时间:2023-11-28 理论教育 版权反馈
【摘要】:欣逢陶德麟教授八十华诞,对于这位在我国马克思主义理论战线上奋斗了半个多世纪的老学者来说,是值得庆贺的。德麟教授青年时期协助李达同志编写《马克思主义哲学大纲》,正是由于李达同志的领导和努力,包括德麟教授以后的出色工作,使武汉大学成为我国高等教育中马克思主义哲学教学和研究的一个重镇,为我国马克思主义哲学的研究和人才培养做出了重要贡献。

马克思主义理论战线上的不老松

梁 柱

欣逢陶德麟教授八十华诞,对于这位在我国马克思主义理论战线上奋斗了半个多世纪的老学者来说,是值得庆贺的。虽然我很少写过庆贺一类的文字,但这次确是交织着喜悦和崇敬的心情来写这篇短文的。至于如何表达我的这种心情,颇费踌躇。祝寿贺文古已有之,无非是些称颂赞美之辞,繁文缛礼,这显然不能反映我们作为同志之间的关系。思来想去,还是用自己对德麟教授为人为文的所感所悟,来表达贺忱,抒发来自内心的祝愿与期待之情。

我与德麟教授相识以来,南北相隔,当面聆教的机会不多,但他的道德文章和长者风度,给我留下了难以忘怀的印象。改革开放以来,他发表在报刊上的文论及他的专著,凡是我知道的都是要读的。
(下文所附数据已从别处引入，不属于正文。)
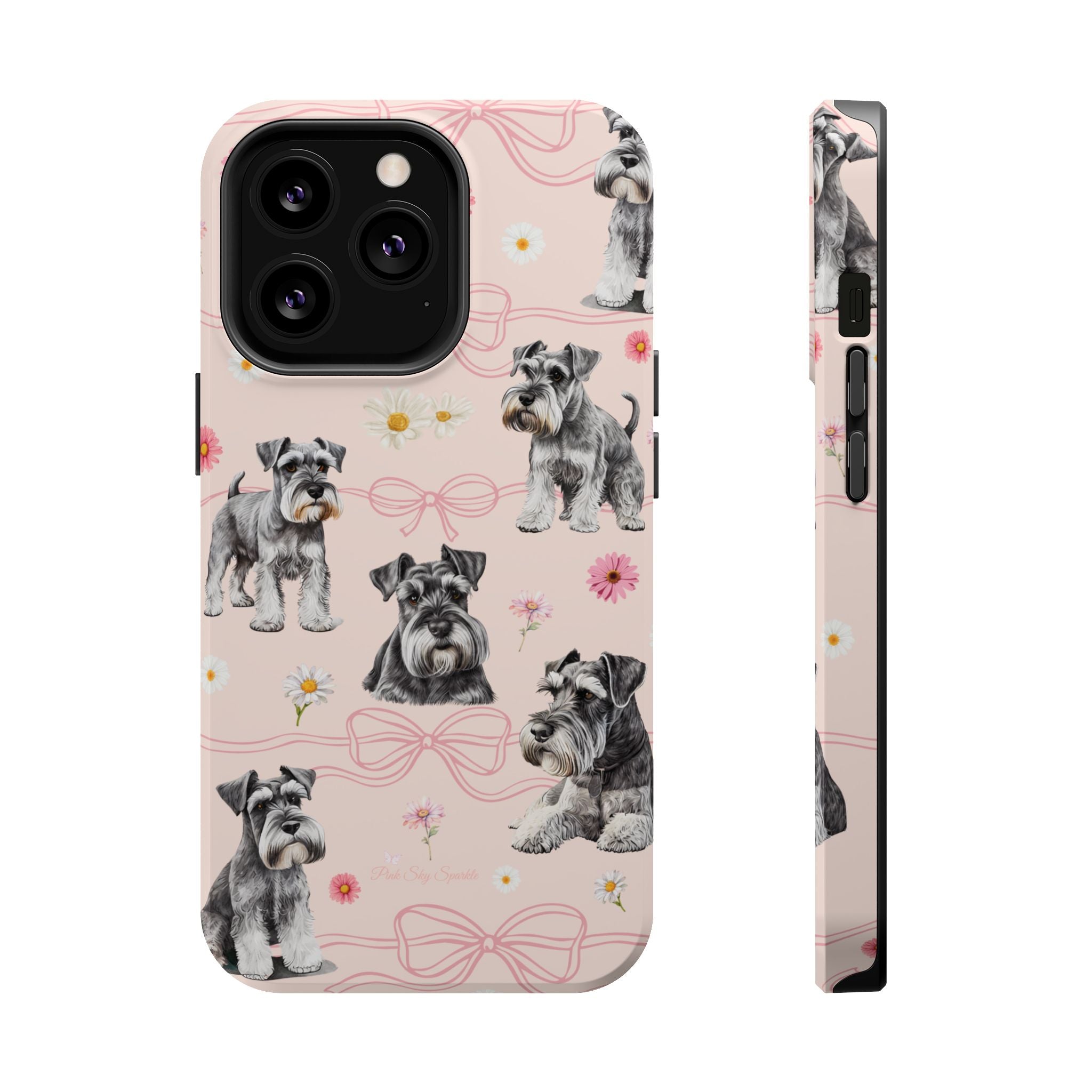 Daisy Dog Magnetic iPhone Case featuring Schnauzer and pink floral pattern.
最近承赠他的文集,使我得以系统地拜读,获益良多。这部反映德麟教授近60年学术生涯的纪录,透过这些文论使我看到了一位马克思主义理论工作者成长和战斗的足迹,从中学到的不仅是理论的层面,更是对为人做事的升华,使我有幸识荆之感油然而生。当我读他以浓浓的感情回忆、研究老一辈马克思主义哲学家李达同志的文章,很有感触。德麟教授青年时期协助李达同志编写《马克思主义哲学大纲》(后由于众所周知的原因,只出版了这部大纲的上卷《唯物辩证法大纲》),正是由于李达同志的领导和努力,包括德麟教授以后的出色工作,使武汉大学成为我国高等教育中马克思主义哲学教学和研究的一个重镇,为我国马克思主义哲学的研究和人才培养做出了重要贡献。大概也由于有了这一层实际上的师承关系,使我感到在德麟教授身上继承了老一辈马克思主义哲学家的政治的和学术的基因,他的许多优点是值得我们理论工作者学习的,我想这大概也是我们庆贺这位哲学家八十华诞的一个重要原因。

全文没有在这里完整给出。